WORK TO BE COMPLETED: Output the lines of the records below exactly, beginning at their first line and ending at the line with "Hey everyone, welcome"; include no pictures.

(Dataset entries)

----------

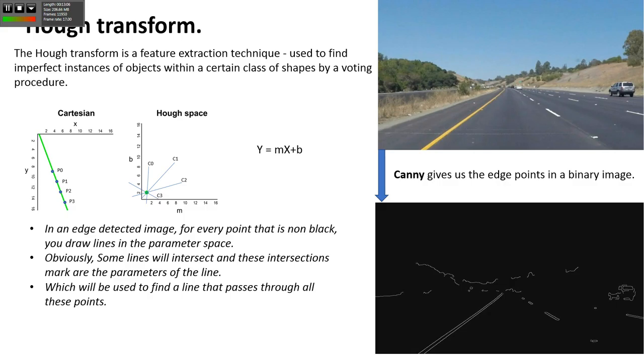In an edge detector image, for every non-black point, you draw lines in the parameter space. In the edge detector image, if you draw the same points in the Hough space, you will find they get a line, and all those lines will intersect. That will define the parameters of that line, and then we can do line fitting through those points to get a smooth line. However, there's a problem: if I have a vertical line, the slope will be infinity, and I need infinite memory to store that slope. So that way doesn't work - we have to think differently.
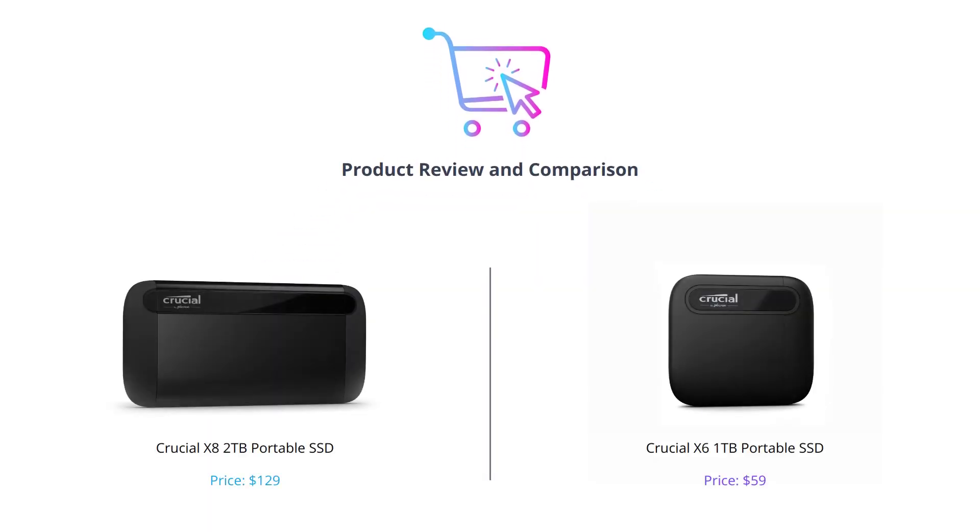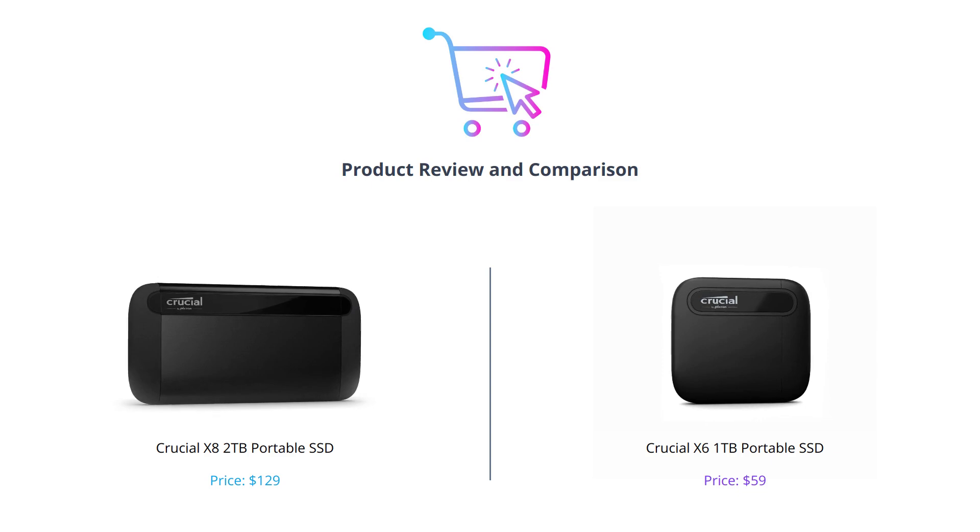Hey everyone, welcome back to our channel. Today we are going to compare two portable SSDs from the same manufacturer, Micron. We will evaluate the Crucial X8 2TB portable SSD and the Crucial X6 1TB portable SSD. We will compare them in various categories based on their features, performance, compatibility, and durability to help you choose the best one for your needs.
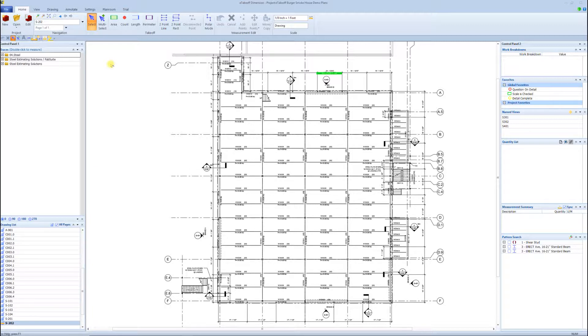Right now we're looking inside of eTakeoff, which is a takeoff software. The reason that I can help you transition into the digital world and get you doing a digital takeoff right off the bat is: one, I've been doing digital takeoff since 2001, so I'm very versed in the operations of doing so. The second part of that is when you come on board with the Still Erection Bid Wizard and Still Estimating Solutions and come on board with a digital takeoff program, it comes down to training.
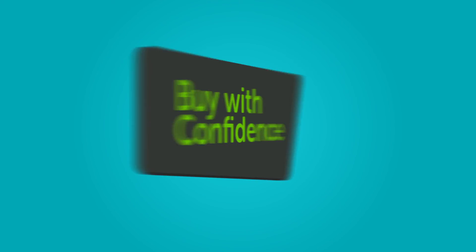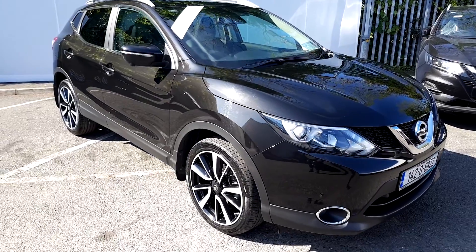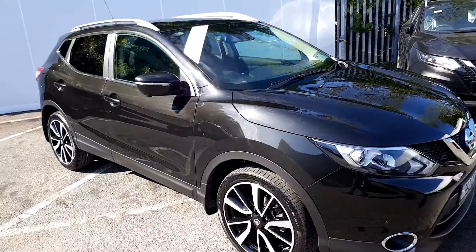Buy with confidence and get the best benefits for your used vehicle with Windsor Certified. Like a comprehensive 12-month warranty that will keep you covered for any unforeseen mechanical issues.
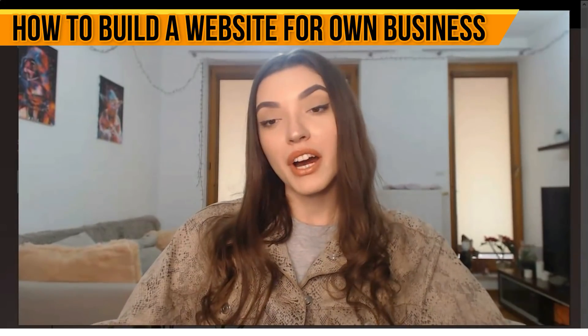Hey guys, welcome back to my YouTube channel. I've received many messages from you to create a new informative video about Squarespace. This video is going to be about this website builder service, which I've been working with a lot recently. I'll show you what Squarespace is, tell you about the editor and its features. Check this video till the end and don't forget to hit the like button.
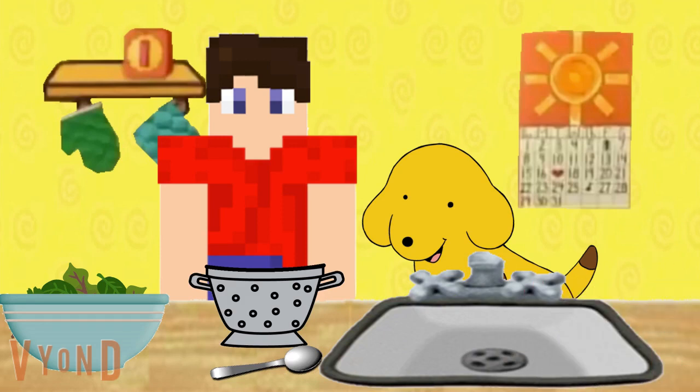Okay, so we need to add some croutons to the salad. Croutons? What are croutons? I'm not sure. Let's go try to find them, and figure it out.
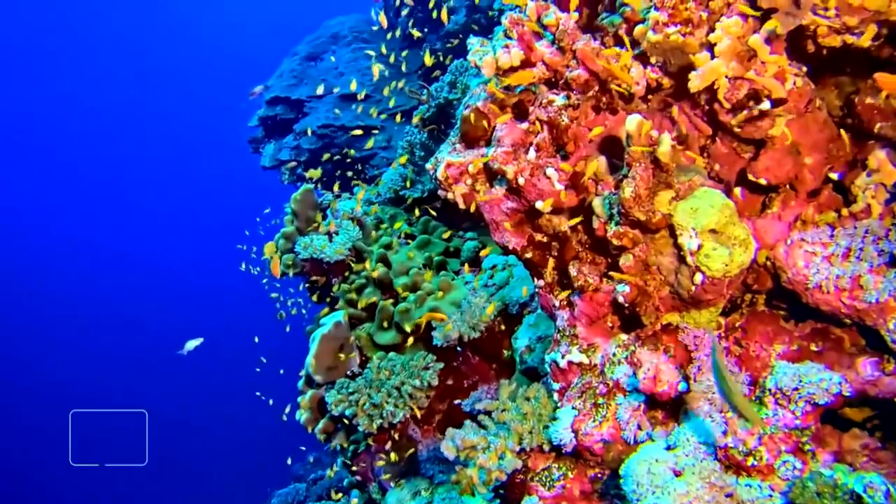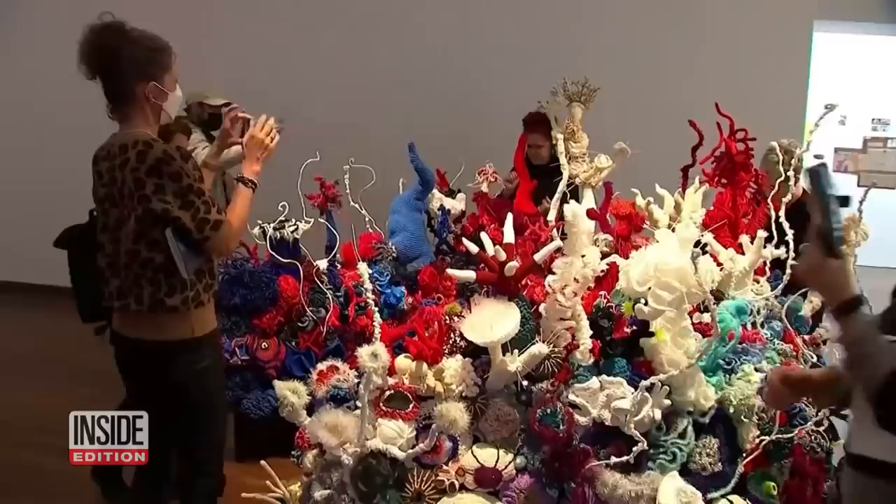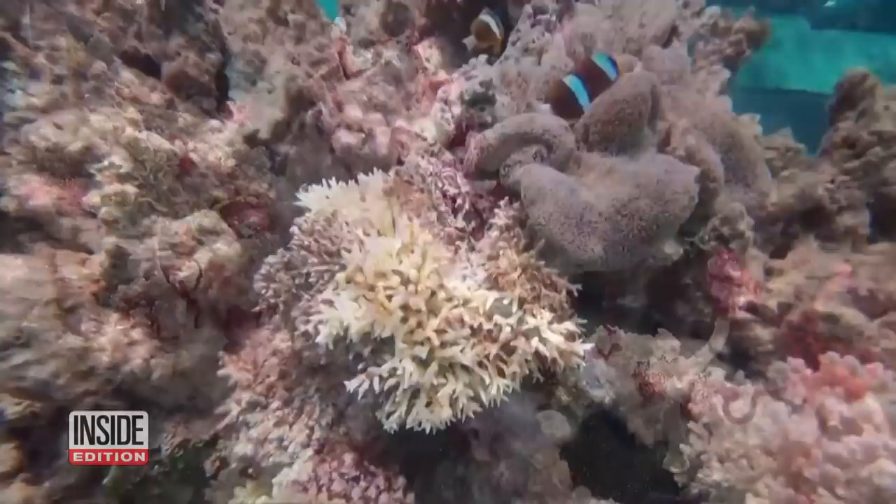Coral reefs are under threat due to climate change, so these artists are using yarn to raise awareness. The Crochet Coral Reef Project is a traveling art exhibition that recreates the beauty of the ocean's coral reefs using one of the world's oldest handicrafts, crochet.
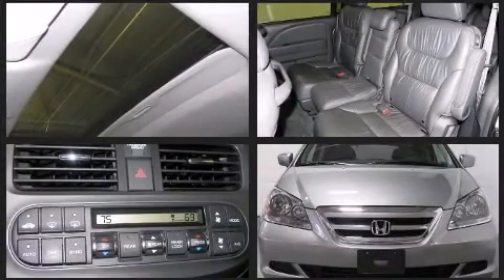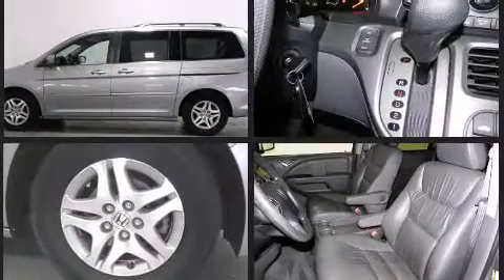You can expect a lot from the 2005 Honda Odyssey. A 3.5-liter V6 engine pairs with a sophisticated 5-speed automatic transmission, providing a smooth and predictable driving experience.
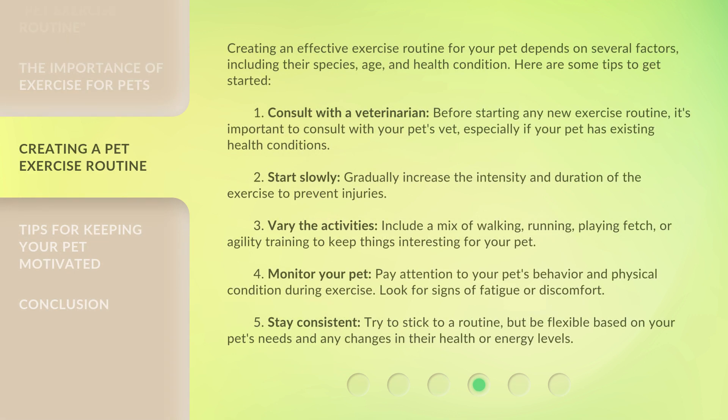Creating an effective exercise routine for your pet depends on several factors, including their species, age, and health condition. Here are some tips to get started. One: consult with a veterinarian — before starting any new exercise routine, it's important to consult with your pet's vet, especially if your pet has existing health conditions. Two: start slowly — gradually increase the intensity and duration of the exercise to prevent injuries. Three: vary the activities — include a mix of walking, running, playing fetch, or agility training to keep things interesting for your pet.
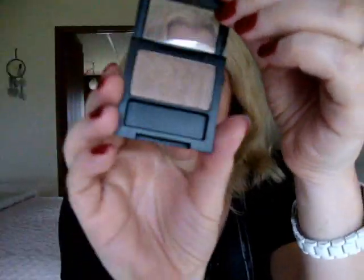Bronze, taupe, and gold are going to be huge for fall. I included a couple of drugstore colors because I wanted to do things in all price ranges. This one is by Revlon, it's their satin formula and it's called Polished Bronze, and this is a gorgeous, gorgeous bronze — love it.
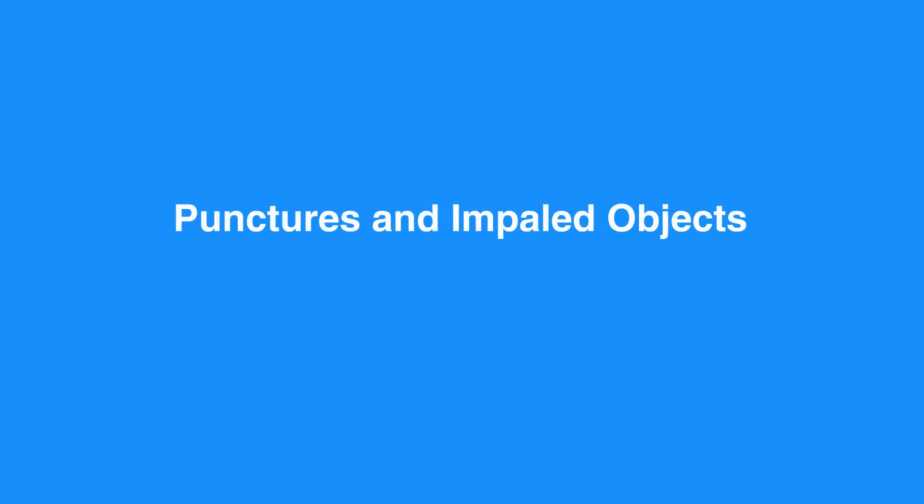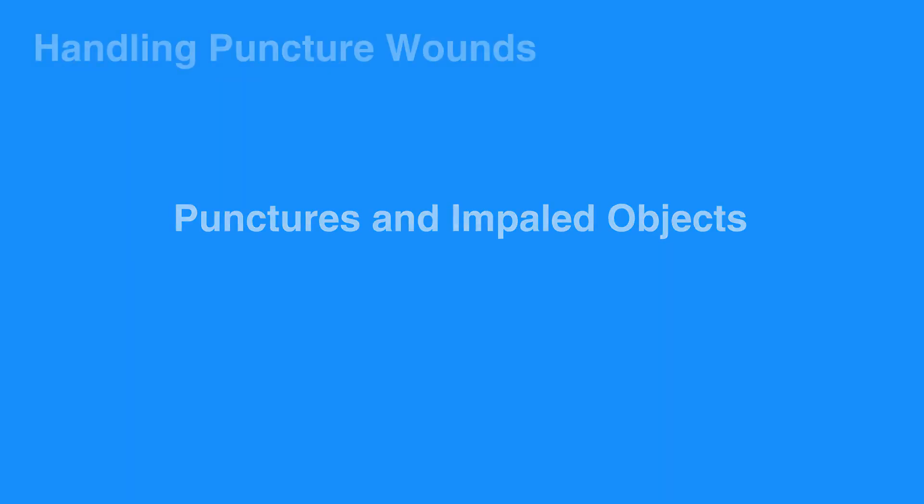Puncture wounds and impaled objects pose special risk to the injured individuals. Puncture wounds may penetrate deeper than is apparent and injure sensitive structures such as nerves, muscles, tendons, or blood vessels.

----------

EXERCISE OUTPUT:
In an edge detector image, for every non-black point, you draw lines in the parameter space. In the edge detector image, if you draw the same points in the Hough space, you will find they get a line, and all those lines will intersect. That will define the parameters of that line, and then we can do line fitting through those points to get a smooth line. However, there's a problem: if I have a vertical line, the slope will be infinity, and I need infinite memory to store that slope. So that way doesn't work - we have to think differently.
Hey everyone, welcome back to our channel. Today we are going to compare two portable SSDs from the same manufacturer, Micron. We will evaluate the Crucial X8 2TB portable SSD and the Crucial X6 1TB portable SSD. We will compare them in various categories based on their features, performance, compatibility, and durability to help you choose the best one for your needs.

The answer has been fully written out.